I am trying to predict age from a couple of variables using linear regression, but when I plot predicted age against real age, I can see that small values are significantly overestimated and big values are underestimated. If I flip the axes, so my predicted values are on the X axis, the regression line is as straight as it can be.
set.seed(1)
n = 50
age <- 1:n+10
variable1 <- age + 100 + rnorm(n, 0, 45)
variable2 <- age + 100 + rnorm(n, 0, 45)
variable3 <- age + 100 + rnorm(n, 0, 45)
variable4 <- age + 100 + rnorm(n, 0, 45)
data <- as.data.frame(cbind(age, variable1,
variable2, variable3, variable4))
fit_all <- lm(age ~ ., data=data)
predictions_all <- predict(fit_all, data)
par(mfrow=c(1,2))
plot(predictions_all ~ age, ylab='Predicted age', xlim=c(5,65), ylim=c(5,65), main='underestimated/overestimated age')
abline(coef(lm(predictions_all ~ age)), col='red')
plot(age ~ predictions_all, xlab='Predicted age', xlim=c(5,65), ylim=c(5,65), main='X-Y axes fliped')
abline(coef(lm(age ~ predictions_all)), col='red')
I think I understand what is going on in case of 1 variable, an average 10-year-old sample will have a value of a variable5 around 117, however an average sample with a variable5 of 117 will be around 20 years old, hence the bias.
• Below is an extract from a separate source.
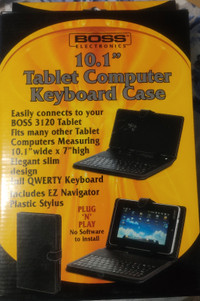10.1 Tablet Computer Keyboard Case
I still can't get my head around this situation in case of multiple variables and what to do about it. There is a similar question here Why are the residuals in this model so linearly skewed? where the answer is basically don't worry about it and plot residuals instead, however that is not solving my problem of a systematic bias of my predictions, which is what I care about.